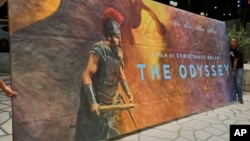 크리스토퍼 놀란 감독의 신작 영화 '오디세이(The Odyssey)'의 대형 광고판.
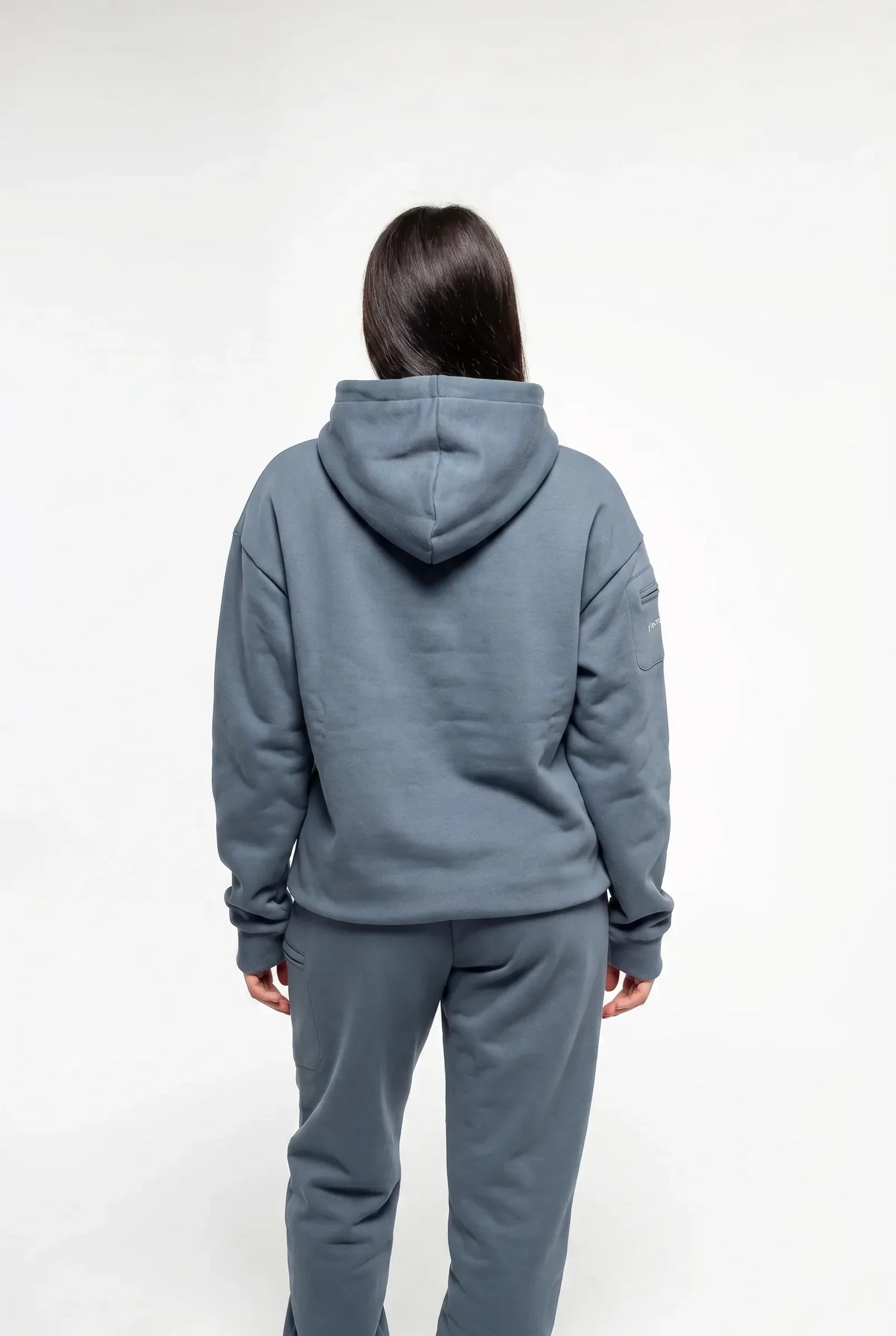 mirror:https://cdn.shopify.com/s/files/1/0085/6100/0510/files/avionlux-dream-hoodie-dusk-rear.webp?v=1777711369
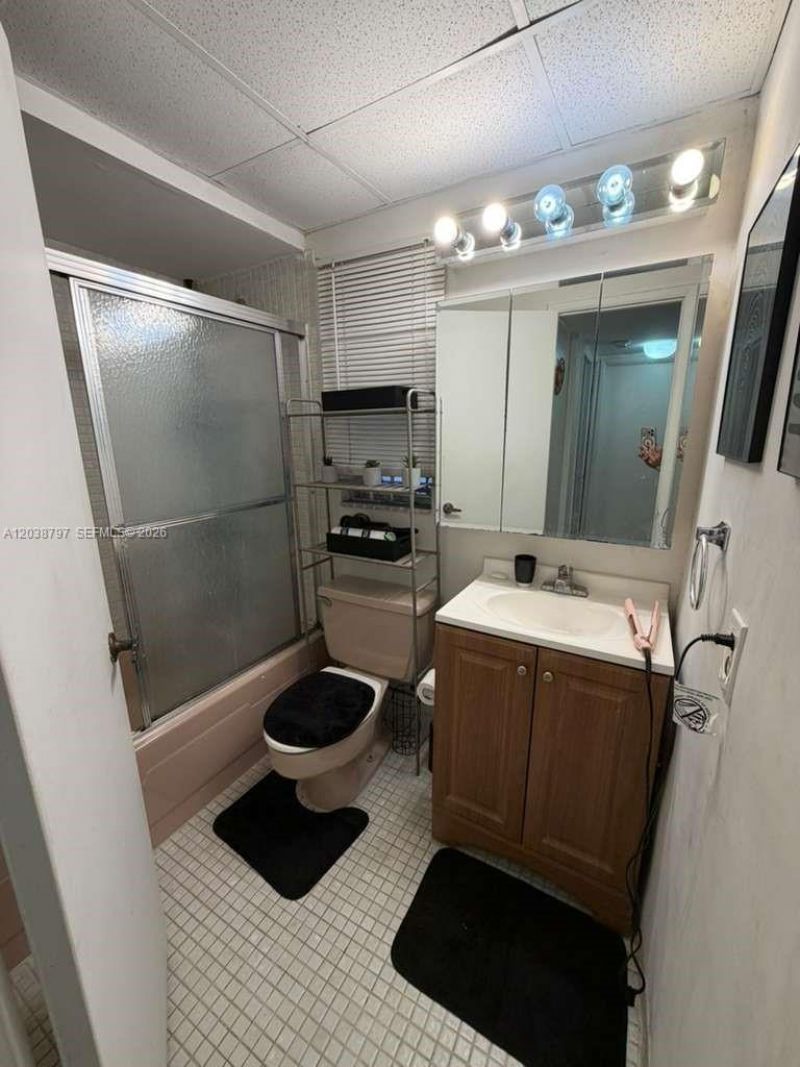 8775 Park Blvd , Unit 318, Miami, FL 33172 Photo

_Instructions for the task_
When you return the listing, keep it exact and omit any pictures it holds.

_Exercise solution_
 크리스토퍼 놀란 감독의 신작 영화 '오디세이(The Odyssey)'의 대형 광고판.
 mirror:https://cdn.shopify.com/s/files/1/0085/6100/0510/files/avionlux-dream-hoodie-dusk-rear.webp?v=1777711369
 8775 Park Blvd , Unit 318, Miami, FL 33172 Photo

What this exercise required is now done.